> What is required:
All lines at and after the one containing "This photo is taken by AllWinner's v3-sdv", up to the end of the listing below, are to be printed exactly, with the pictures omitted.

> Records supplied:
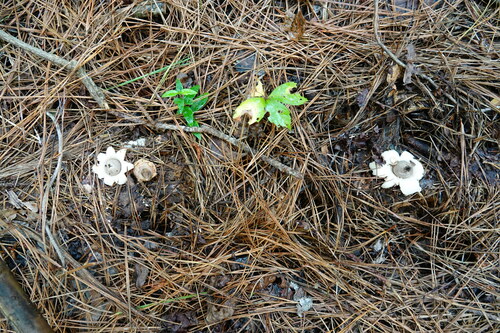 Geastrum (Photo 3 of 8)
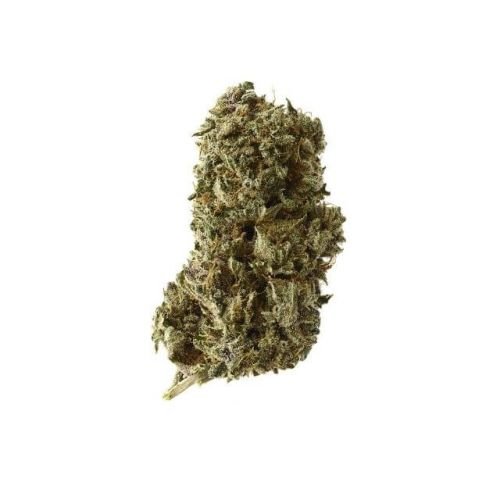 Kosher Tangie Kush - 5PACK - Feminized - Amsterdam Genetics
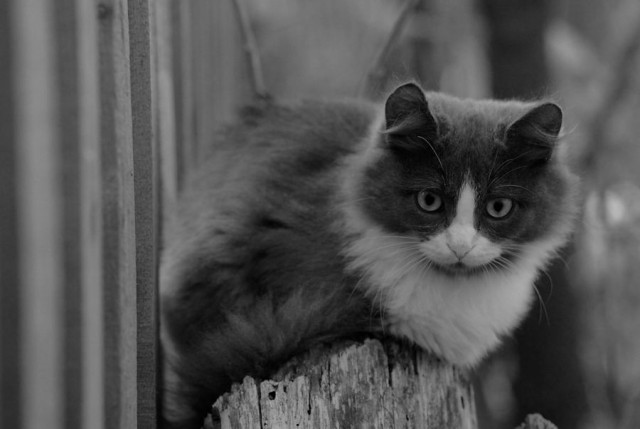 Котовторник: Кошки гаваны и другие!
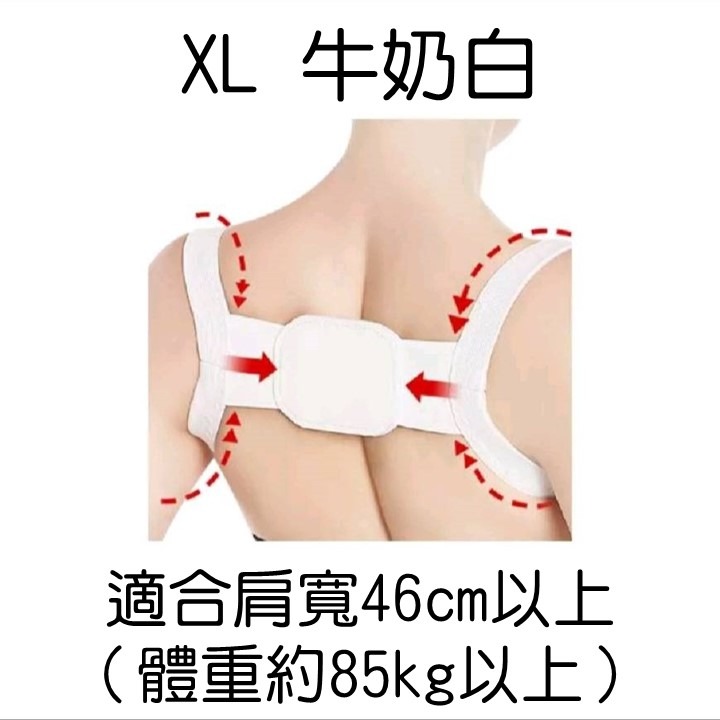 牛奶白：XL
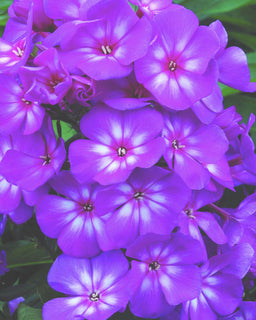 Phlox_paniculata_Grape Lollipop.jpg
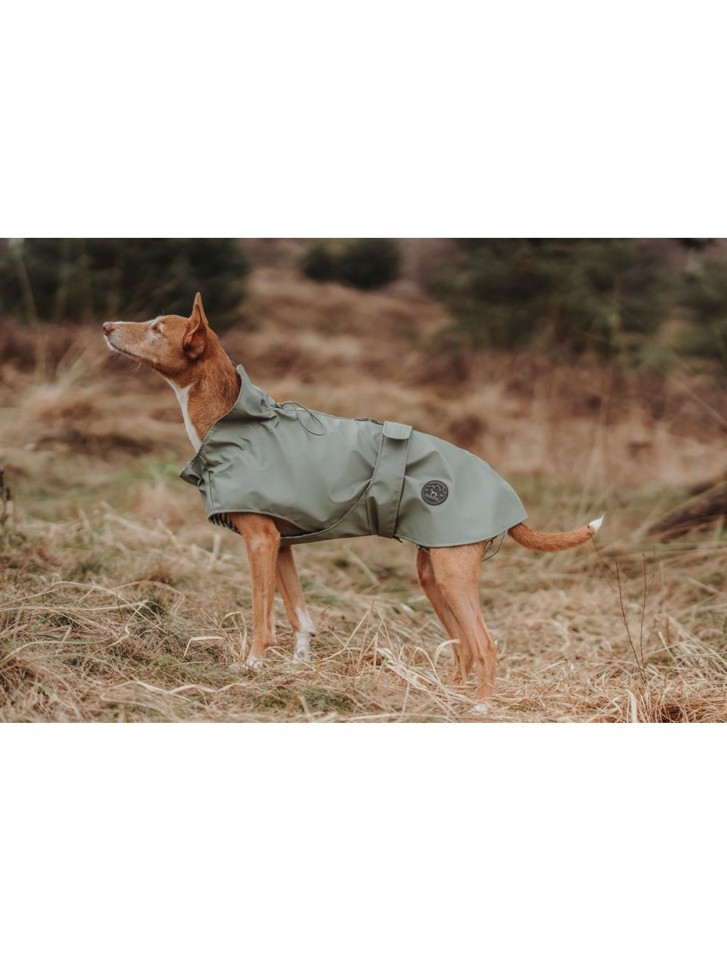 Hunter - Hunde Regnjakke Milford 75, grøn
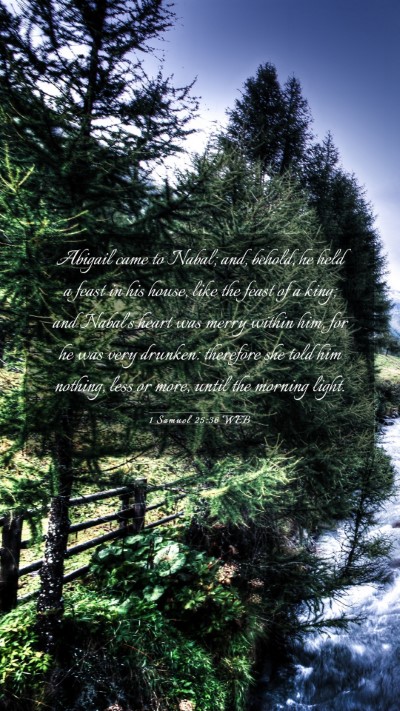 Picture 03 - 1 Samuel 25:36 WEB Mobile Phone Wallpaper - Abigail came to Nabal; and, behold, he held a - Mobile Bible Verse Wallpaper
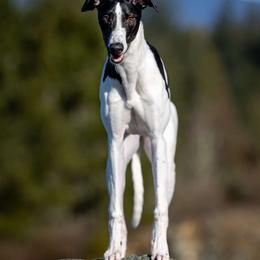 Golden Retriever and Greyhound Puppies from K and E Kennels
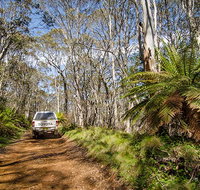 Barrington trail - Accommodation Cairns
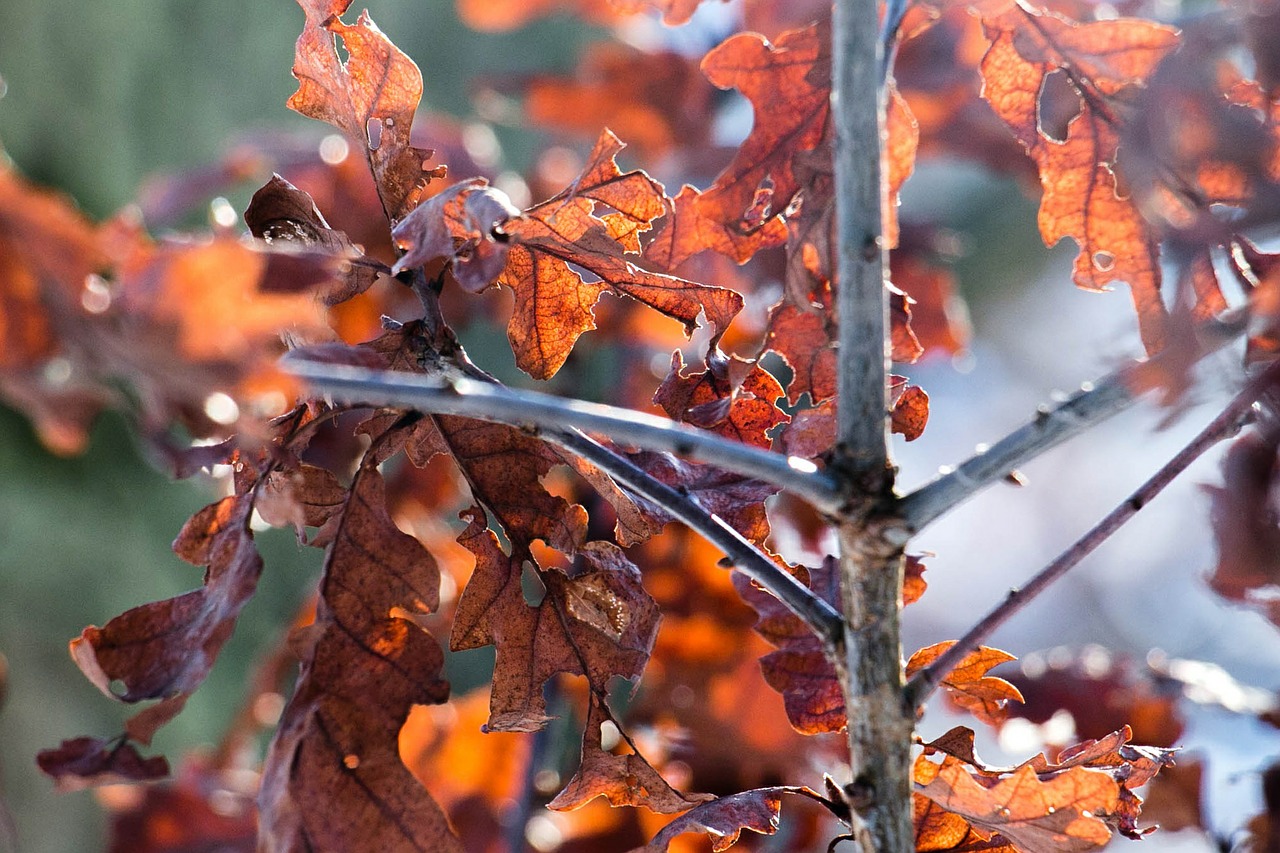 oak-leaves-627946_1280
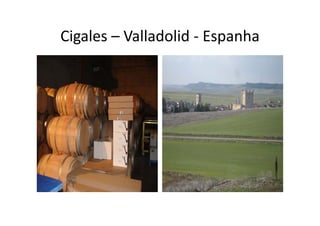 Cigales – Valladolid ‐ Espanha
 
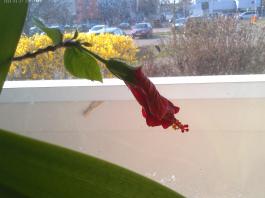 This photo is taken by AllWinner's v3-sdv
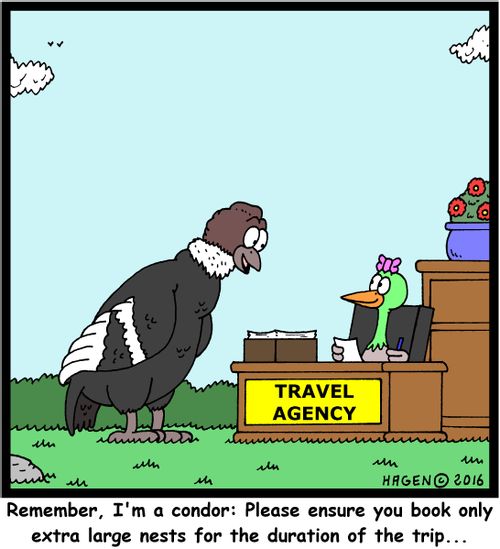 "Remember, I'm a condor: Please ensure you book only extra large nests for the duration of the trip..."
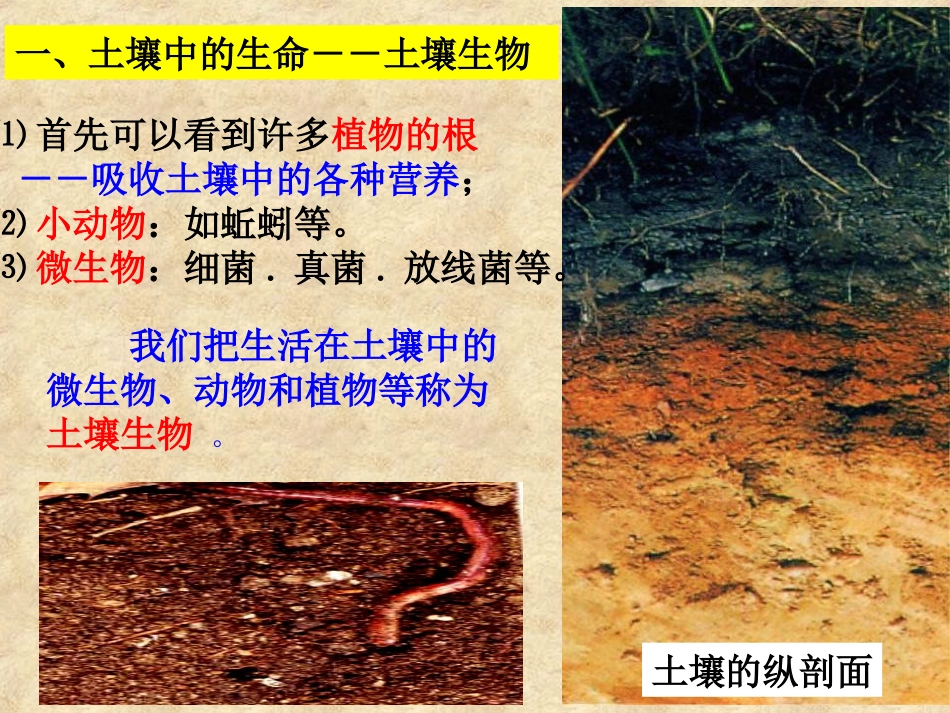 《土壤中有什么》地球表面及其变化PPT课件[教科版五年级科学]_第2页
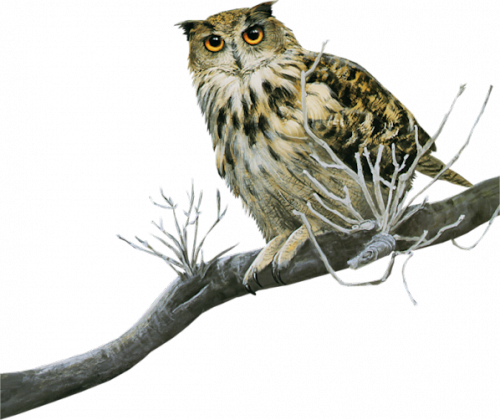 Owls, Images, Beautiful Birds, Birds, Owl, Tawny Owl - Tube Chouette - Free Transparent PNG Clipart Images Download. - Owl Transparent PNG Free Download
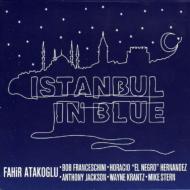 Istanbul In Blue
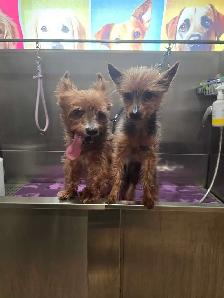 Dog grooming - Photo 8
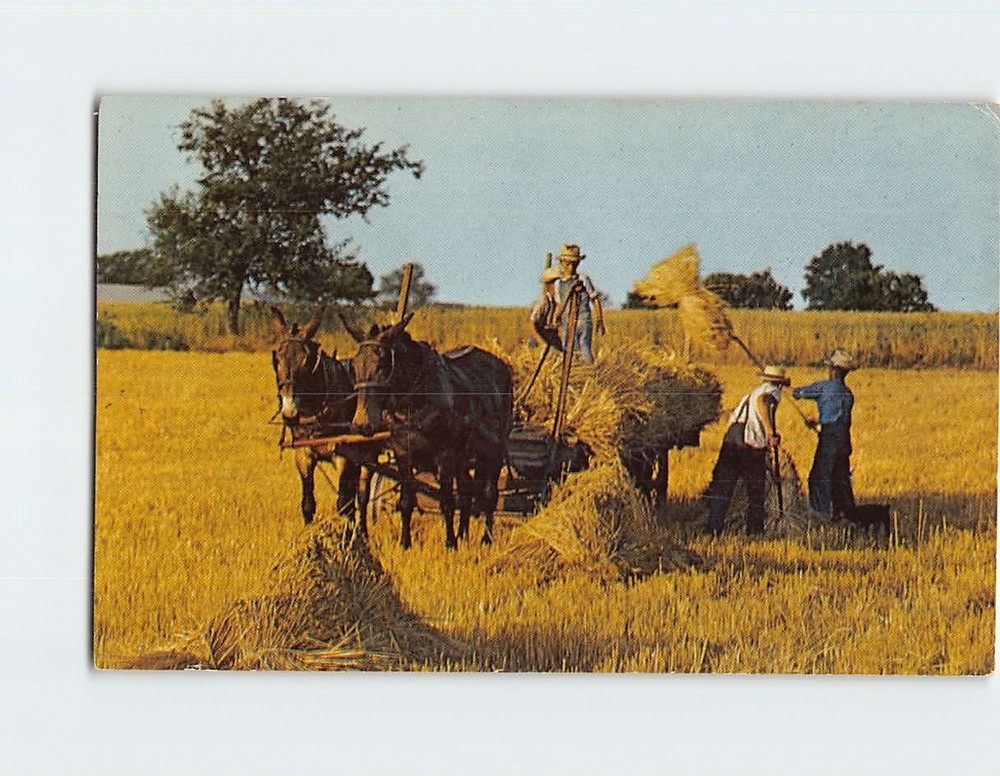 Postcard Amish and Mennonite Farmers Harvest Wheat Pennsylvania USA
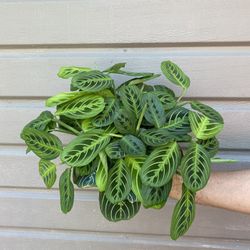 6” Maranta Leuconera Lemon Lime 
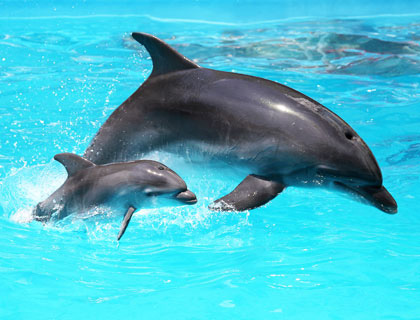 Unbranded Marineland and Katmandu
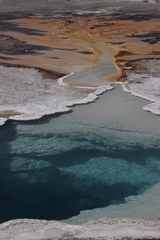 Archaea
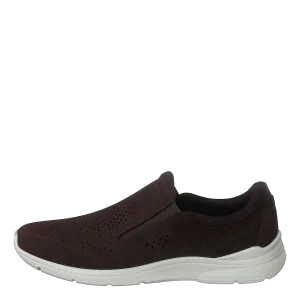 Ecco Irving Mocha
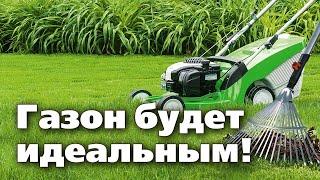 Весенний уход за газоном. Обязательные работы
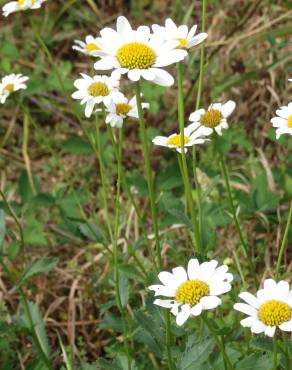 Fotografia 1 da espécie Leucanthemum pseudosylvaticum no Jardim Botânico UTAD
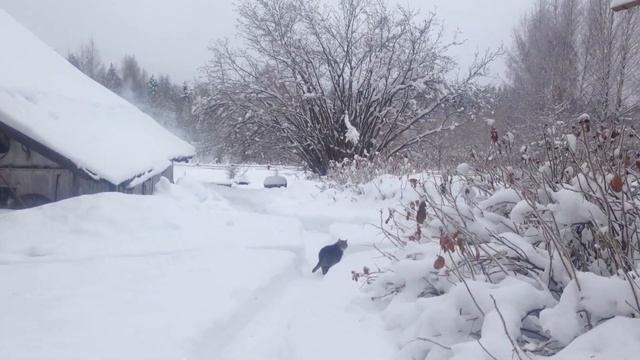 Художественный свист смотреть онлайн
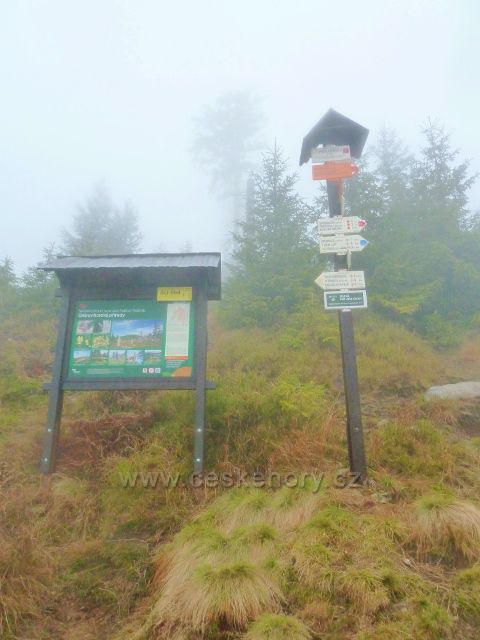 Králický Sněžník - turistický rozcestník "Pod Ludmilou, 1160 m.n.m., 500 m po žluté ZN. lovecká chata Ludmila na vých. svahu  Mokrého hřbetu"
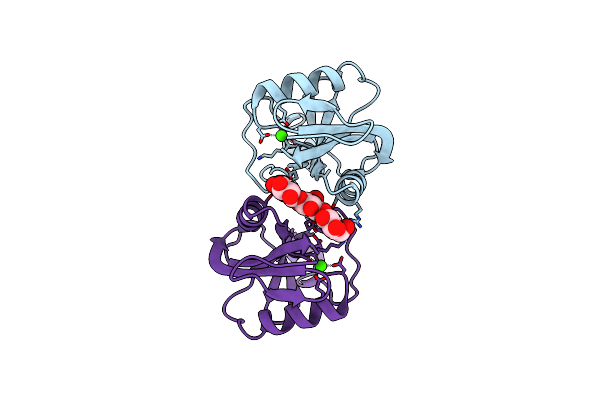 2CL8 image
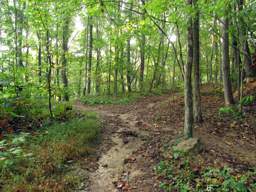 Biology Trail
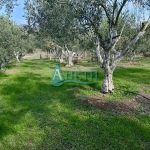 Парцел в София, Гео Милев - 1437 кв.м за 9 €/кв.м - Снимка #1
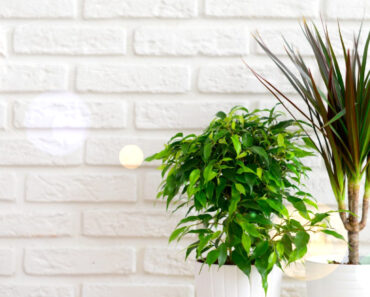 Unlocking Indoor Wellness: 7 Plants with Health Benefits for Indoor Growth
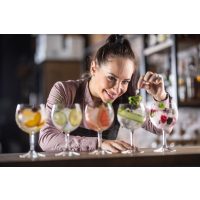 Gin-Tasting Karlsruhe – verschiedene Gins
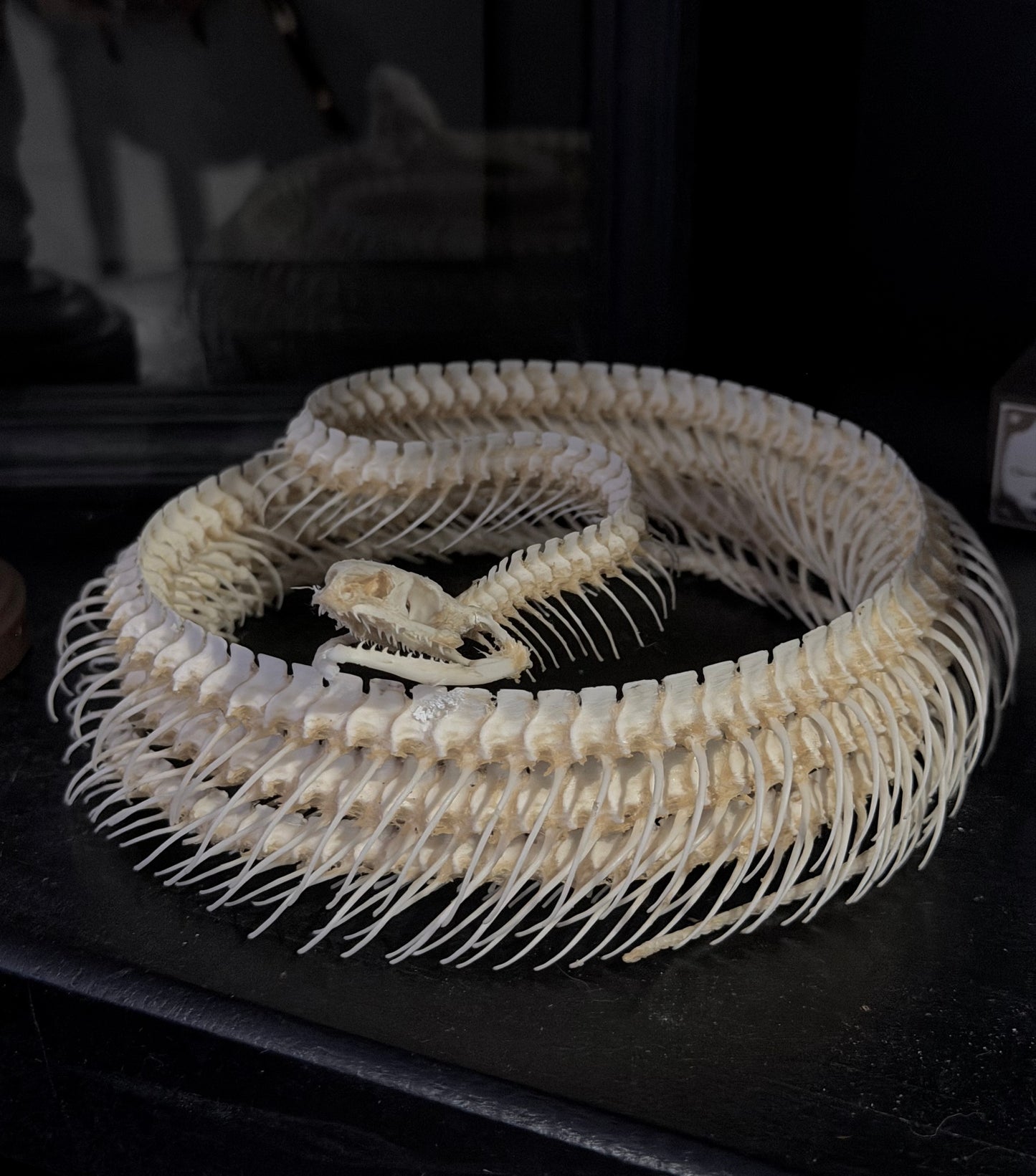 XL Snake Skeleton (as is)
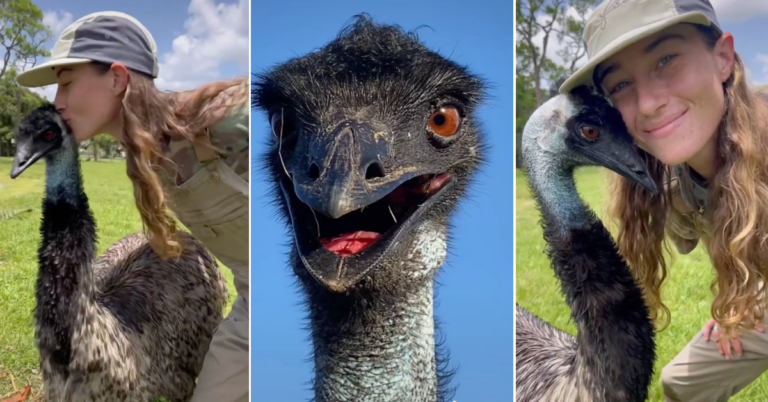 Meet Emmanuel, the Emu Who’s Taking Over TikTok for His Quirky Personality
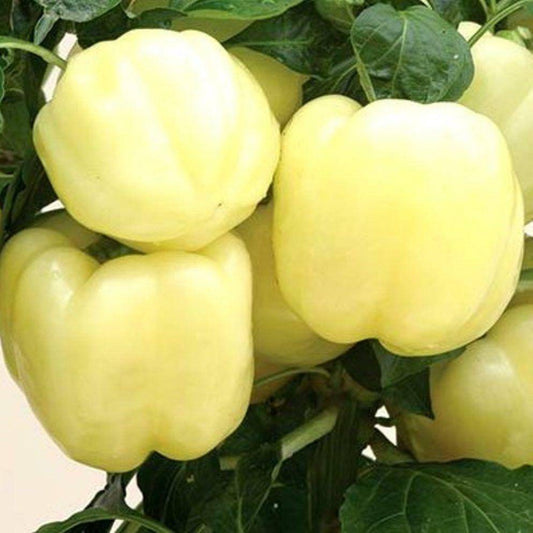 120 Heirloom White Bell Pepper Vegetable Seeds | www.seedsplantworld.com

> Task answer:
 This photo is taken by AllWinner's v3-sdv
 "Remember, I'm a condor: Please ensure you book only extra large nests for the duration of the trip..."
 《土壤中有什么》地球表面及其变化PPT课件[教科版五年级科学]_第2页
 Owls, Images, Beautiful Birds, Birds, Owl, Tawny Owl - Tube Chouette - Free Transparent PNG Clipart Images Download. - Owl Transparent PNG Free Download
 Istanbul In Blue
 Dog grooming - Photo 8
 Postcard Amish and Mennonite Farmers Harvest Wheat Pennsylvania USA
 6” Maranta Leuconera Lemon Lime 
 Unbranded Marineland and Katmandu
 Archaea
 Ecco Irving Mocha
 Весенний уход за газоном. Обязательные работы
 Fotografia 1 da espécie Leucanthemum pseudosylvaticum no Jardim Botânico UTAD
 Художественный свист смотреть онлайн
 Králický Sněžník - turistický rozcestník "Pod Ludmilou, 1160 m.n.m., 500 m po žluté ZN. lovecká chata Ludmila na vých. svahu  Mokrého hřbetu"
 2CL8 image
 Biology Trail
 Парцел в София, Гео Милев - 1437 кв.м за 9 €/кв.м - Снимка #1
 Unlocking Indoor Wellness: 7 Plants with Health Benefits for Indoor Growth
 Gin-Tasting Karlsruhe – verschiedene Gins
 XL Snake Skeleton (as is)
 Meet Emmanuel, the Emu Who’s Taking Over TikTok for His Quirky Personality
 120 Heirloom White Bell Pepper Vegetable Seeds | www.seedsplantworld.com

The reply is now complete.